Alex Ergasti, Tomaso Fontanini, Claudio Ferrari, Massimo Bertozzi, Andrea Prati
Text-based person search (TBPS) is a problem that gained significant interest within the research community. The task is that of retrieving one or more images of a specific individual based on a textual description. The multi-modal nature of the task requires learning representations that bridge text and image data within a shared latent space. Existing TBPS systems face two major challenges. One is defined as inter-identity noise that is due to the inherent vagueness and imprecision of text descriptions and it indicates how descriptions of visual attributes can be generally associated to different people; the other is the intra-identity variations, which are all those nuisances e.g. pose, illumination, that can alter the visual appearance of the same textual attributes for a given subject. To address these issues, this paper presents a novel TBPS architecture named MARS (Mae-Attribute-Relation-Sensitive), which enhances current state-of-the-art models by introducing two key components: a Visual Reconstruction Loss and an Attribute Loss. The former employs a Masked AutoEncoder trained to reconstruct randomly masked image patches with the aid of the textual description. In doing so the model is encouraged to learn more expressive representations and textual-visual relations in the latent space. The Attribute Loss, instead, balances the contribution of different types of attributes, defined as adjective-noun chunks of text. This loss ensures that every attribute is taken into consideration in the person retrieval process. Extensive experiments on three commonly used datasets, namely CUHK-PEDES, ICFG-PEDES, and RSTPReid, report performance improvements, with significant gains in the mean Average Precision (mAP) metric w.r.t. the current state of the art.

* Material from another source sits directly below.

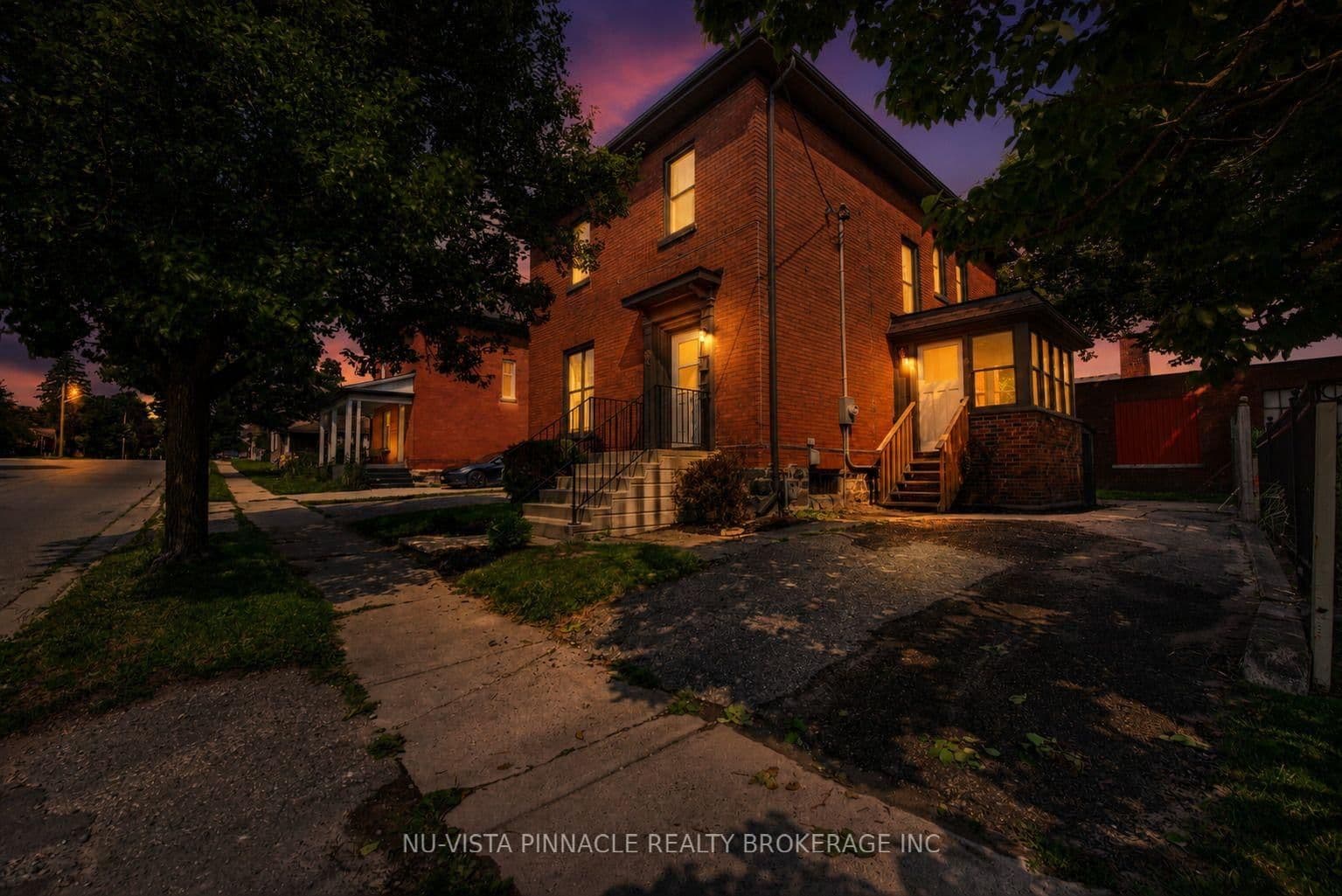 631 Peel Street thumbnail 4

| Task | Dataset | Metric | Value | Model |
|---|---|---|---|---|
| Text based Person Retrieval | CUHK-PEDES | R@1 | 77.62 | MARS |
| Text based Person Retrieval | CUHK-PEDES | R@10 | 94.27 | MARS |
| Text based Person Retrieval | CUHK-PEDES | R@5 | 90.63 | MARS |
| Text based Person Retrieval | CUHK-PEDES | mAP | 71.41 | MARS |
| Text based Person Retrieval | ICFG-PEDES | R@1 | 67.6 | MARS |
| Text based Person Retrieval | ICFG-PEDES | R@10 | 85.79 | MARS |
| Text based Person Retrieval | ICFG-PEDES | R@5 | 81.47 | MARS |
| Text based Person Retrieval | ICFG-PEDES | mAP | 44.93 | MARS |
| Text based Person Retrieval | RSTPReid | R@1 | 67.55 | MARS |
| Text based Person Retrieval | RSTPReid | R@10 | 91.35 | MARS |
| Text based Person Retrieval | RSTPReid | R@5 | 86.65 | MARS |
| Text based Person Retrieval | RSTPReid | mAP | 52.92 | MARS |